Investigating Vulnerability and Reporting Behavior for Consumer Fraud Victimization : Opportunity as a Social Aspect of Age

Authors: Judy Van Wyk (University of Rhode Island) & Karen A. Mason (Washington State University)

Publication: Journal of Contemporary Criminal Justice

Year: 2001

Focus Area: Profile, Aging, Decision-making

Relevance: Successfully arming people against fraud victimization requires understanding not only who is victimized, but why they are vulnerable.

Summary: This study analyzes the connection between fraud victimization, age, social activity, and risk-taking.

  • Younger adults are known to be more vulnerable to fraud than older adults: there is a 77% chance of being victimized between the ages of 18 and 24, and only a 44% chance for those between 65 and 74 (Van Wyk & Benson, 1997).
  • The authors investigate whether this is due to greater socialization and risk-taking at a younger age.
  • While both socialization and risk-taken strongly correlate to fraud victimization, they do not predict vulnerability more accurately than age.  This suggests that other aspects of youth aside from social engagement and risk-taking contribute to younger adults’ vulnerability.
  • Neither fraud victims’ social involvement nor their tendency to take risks affect their likelihood to report fraud.

In conclusion, being younger is a more reliable predictor of being a fraud victim than greater social involvement or a tendency to take greater financial risks.  While these two elements may partly explain younger adults’ vulnerability, additional factors still need to be investigated.

Data for this study was collected via a 1994 random telephone survey in Knox County, Tennessee, which correlates with other, similar studies (Titus et al. 1995, Boyle 1992).

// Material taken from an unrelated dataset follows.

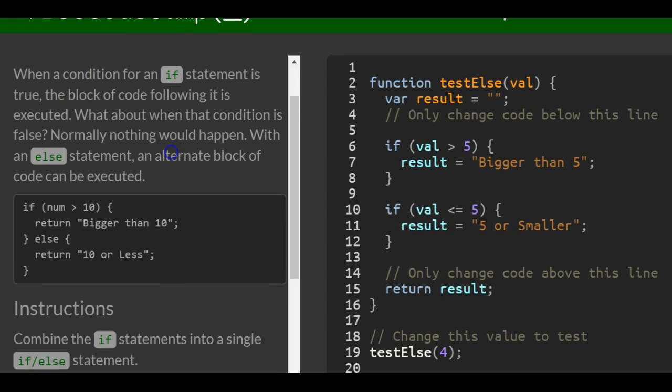When a condition for an if statement is true, the block of code following it is executed. What about when that condition is false? Normally nothing would happen. With an else statement, an alternate block of code can be executed.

Author Abstract: This study investigates vulnerability and reporting behavior for victimization by consumer fraud. Because socialization may increase the amount of contacts with others, contributing to greater opportunities for victimization, we predict that people who socialize more often may increase their likelihood of victimization.  Greater levels of socialization are also predicted to increase the likelihood of official reporting behavior for consumer fraud victimization because victims may depend on others for guidance in official reporting. The authors found support for the first prediction, but not the second. Although socialization does increase the likelihood of victimization, the authors found it to have no effect on official reporting behavior. These findings shed some light on the disparity between self-reports and official reports of victimization by consumer fraud.